Der Chart stammt aus einer Präsentation des amerikanischen Bond-Fondsmanagers Jeffrey Gundlach (hier der Link zu einem Interview, das mein New Yorker Kollege Christoph Gisiger kürzlich mit ihm geführt hat). Er zeigt die Kursleistung des amerikanischen Aktienmarktes, gemessen am S&P-500-Index, seit dem Tiefpunkt im März 2009.

Die verschiedenen Farben markieren die Zeitperioden, während derer unkonventionelle («quantitative») geldpolitische Lockerungsprogramme der US-Notenbank in Kraft waren.

  • Der rote Abschnitt von März 2009 bis April 2010 zeigt das erste Quantitative-Easing-Programm.
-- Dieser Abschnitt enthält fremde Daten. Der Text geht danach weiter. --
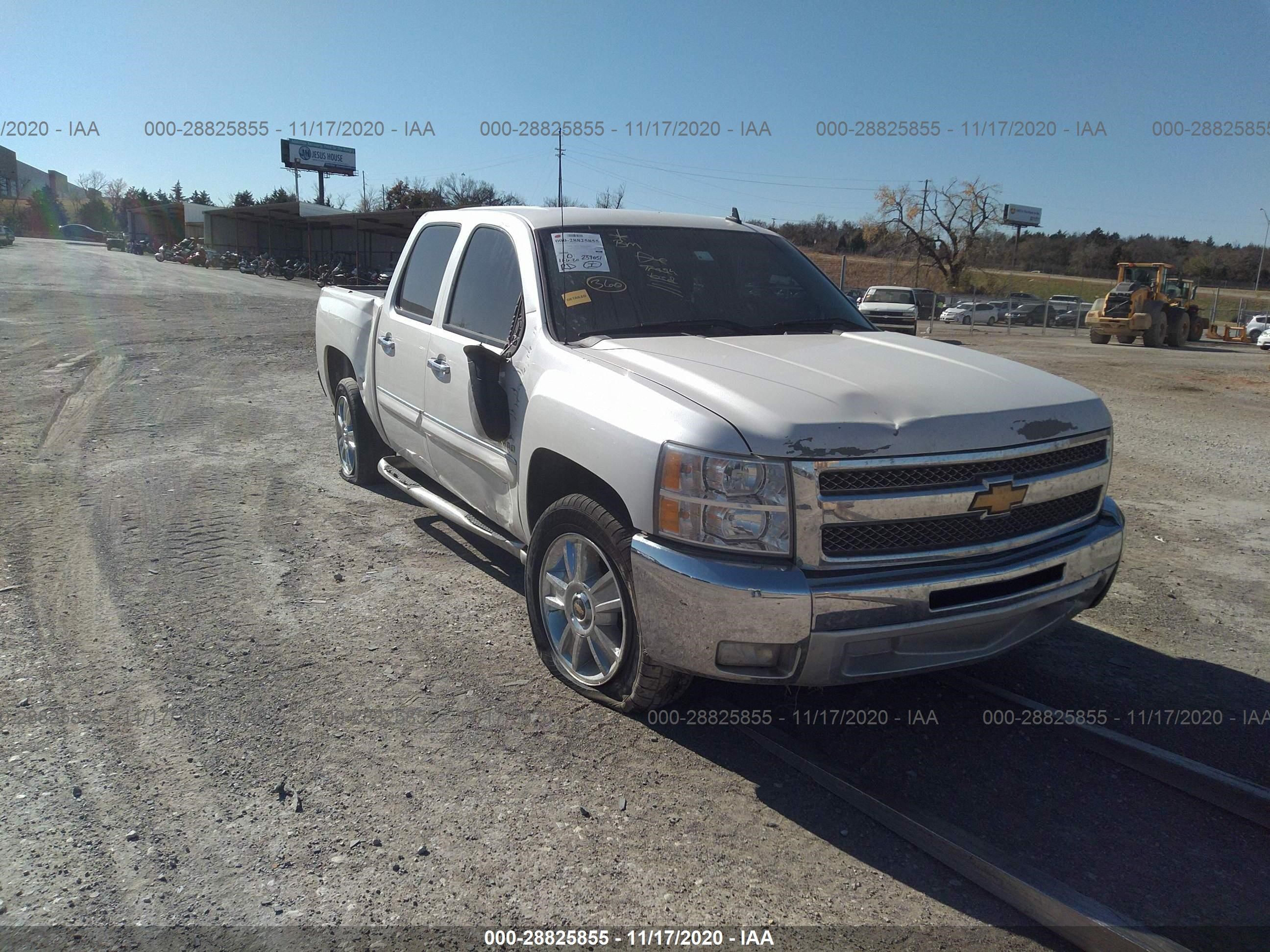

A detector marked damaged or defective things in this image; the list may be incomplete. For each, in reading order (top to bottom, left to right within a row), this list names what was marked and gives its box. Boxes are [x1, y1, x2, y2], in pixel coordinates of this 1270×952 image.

dented hood [586, 333, 1112, 459] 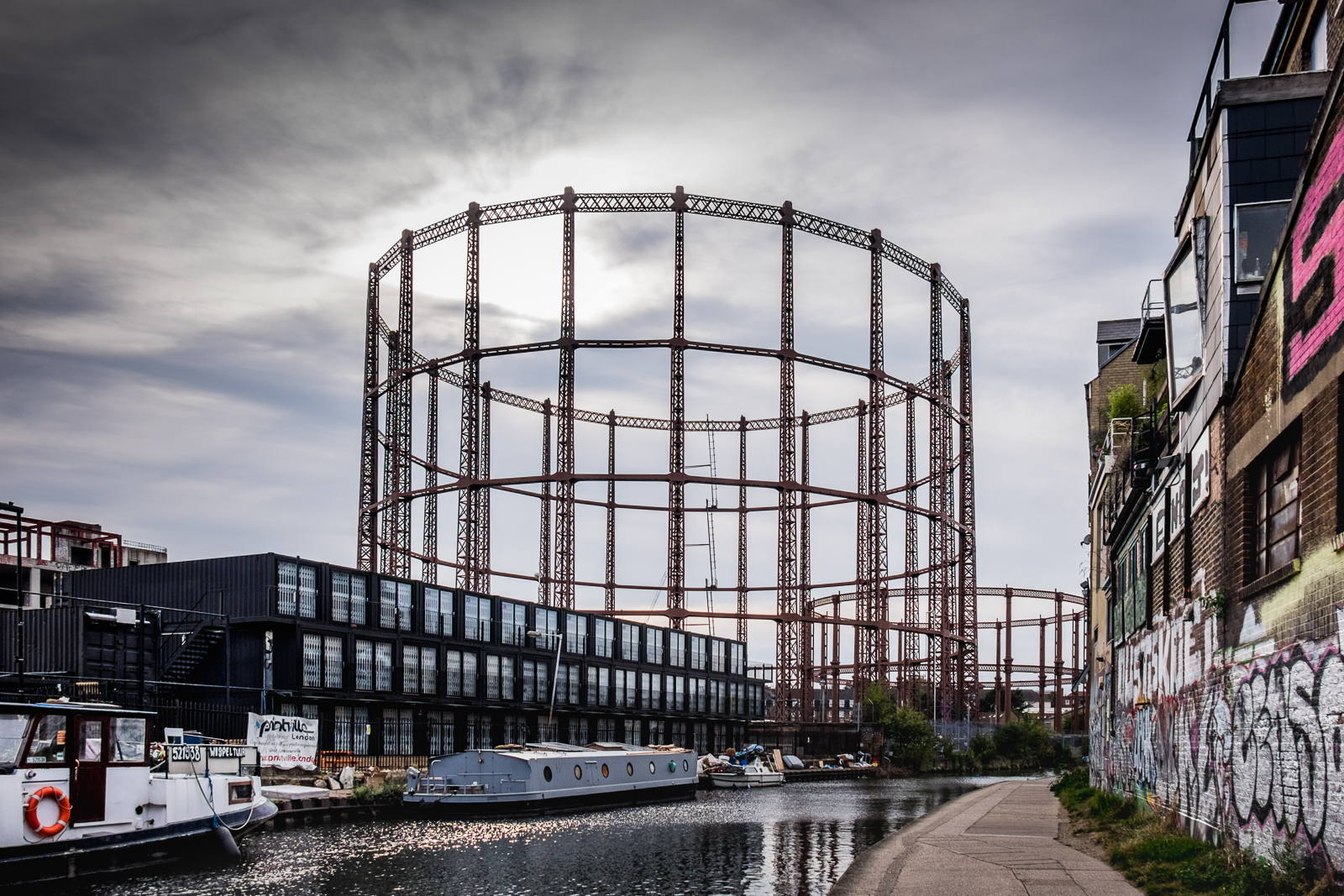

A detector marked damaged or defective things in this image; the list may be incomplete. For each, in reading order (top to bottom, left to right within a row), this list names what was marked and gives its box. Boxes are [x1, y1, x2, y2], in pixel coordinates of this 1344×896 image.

rusty iron structure [356, 186, 988, 719] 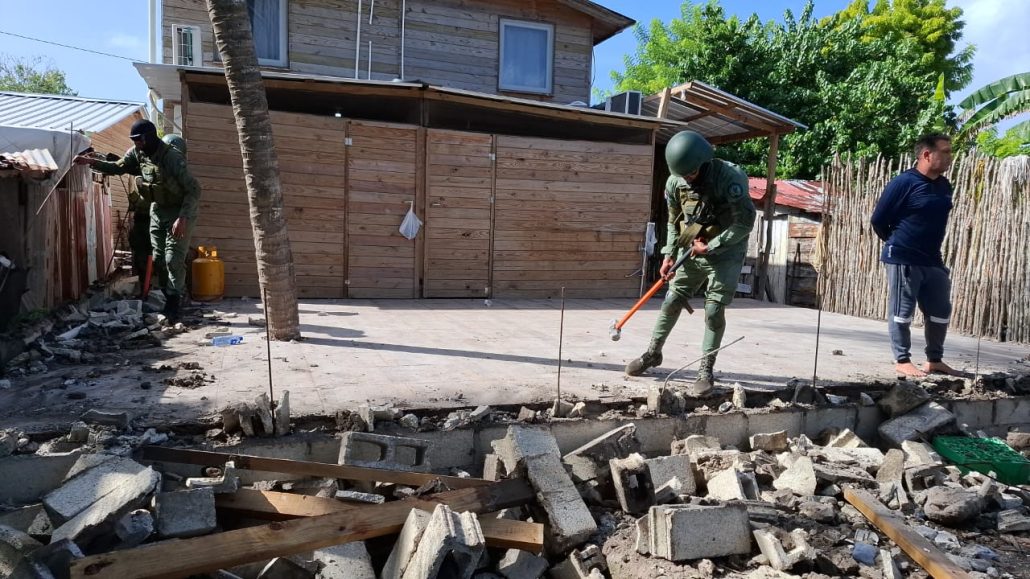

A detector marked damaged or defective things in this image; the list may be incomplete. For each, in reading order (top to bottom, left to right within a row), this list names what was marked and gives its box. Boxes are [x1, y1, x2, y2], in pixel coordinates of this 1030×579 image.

broken concrete block [880, 380, 936, 416]
broken concrete block [80, 408, 131, 430]
broken concrete block [342, 432, 432, 474]
broken concrete block [560, 426, 640, 484]
broken concrete block [748, 430, 792, 454]
broken concrete block [828, 430, 868, 448]
broken concrete block [880, 404, 960, 448]
broken concrete block [904, 442, 944, 468]
broken concrete block [29, 540, 82, 579]
broken concrete block [43, 460, 153, 528]
broken concrete block [49, 466, 159, 548]
broken concrete block [114, 510, 153, 548]
broken concrete block [153, 490, 216, 540]
broken concrete block [186, 462, 241, 494]
broken concrete block [256, 556, 312, 579]
broken concrete block [318, 544, 378, 579]
broken concrete block [382, 510, 432, 579]
broken concrete block [402, 506, 486, 579]
broken concrete block [498, 552, 552, 576]
broken concrete block [494, 426, 596, 552]
broken concrete block [552, 544, 608, 579]
broken concrete block [612, 454, 652, 516]
broken concrete block [648, 456, 696, 500]
broken concrete block [652, 502, 748, 560]
broken concrete block [708, 468, 756, 500]
broken concrete block [752, 532, 820, 572]
broken concrete block [780, 456, 820, 496]
broken concrete block [1000, 510, 1030, 532]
Während dieser Zeit hat der US-Aktienmarkt um 47 Prozent zugelegt.
  • Der grüne Abschnitt von Oktober 2010 bis Juni 2011 zeigt das zweite Quantitative-Easing-Programm. Kursleistung des Index: +10 Prozent.
  • Der violette Abschnitt von September 2011 bis Juni 2012 zeigt die «Operation Twist», während der das Fed Anleihen mit langer Laufzeit kaufte und Anleihen mit kurzer Laufzeit verkaufte. Während dieser Zeit legte der US-Aktienmarkt um 16 Prozent zu.
  • Im hellblauen Abschnitt wurde die Operation Twist verlängert und ging dann nahtlos ins dritte Quantitative-Easing-Programm über. Der Aktienmarkt: +5 Prozent.
  • Die Abschnitte in Orange, Dunkelblau und Rot im rechten Bereich der Grafik schliesslich zeigen den Zeitraum des dritten Quantitative-Easing-Programms, das bis heute läuft. Die Investoren liebten es und sandten den S&P-500-Index um weitere 27 Prozent in die Höhe.

Während der vergangenen fünf Jahre gab es genau zwei Phasen, in denen die US-Notenbank nicht über unkonventionelle Massnahmen Liquidität in die Finanzmärkte pumpte. Diese beiden Phasen sind im Chart grau eingefärbt und dauerten von April 2010 bis Oktober 2010 respektive von Juni 2011 bis September 2011. Und siehe da: Während dieser Zeit sackte der US-Aktienmarkt jeweils sofort ab.

Imponierend, nicht wahr?

So gesehen ist die Feststellung wohl nicht übertrieben, dass Bernanke als einer der brillantesten und effektivsten Finanzmarktmanipulatoren aller Zeiten in die Geschichte eingeht.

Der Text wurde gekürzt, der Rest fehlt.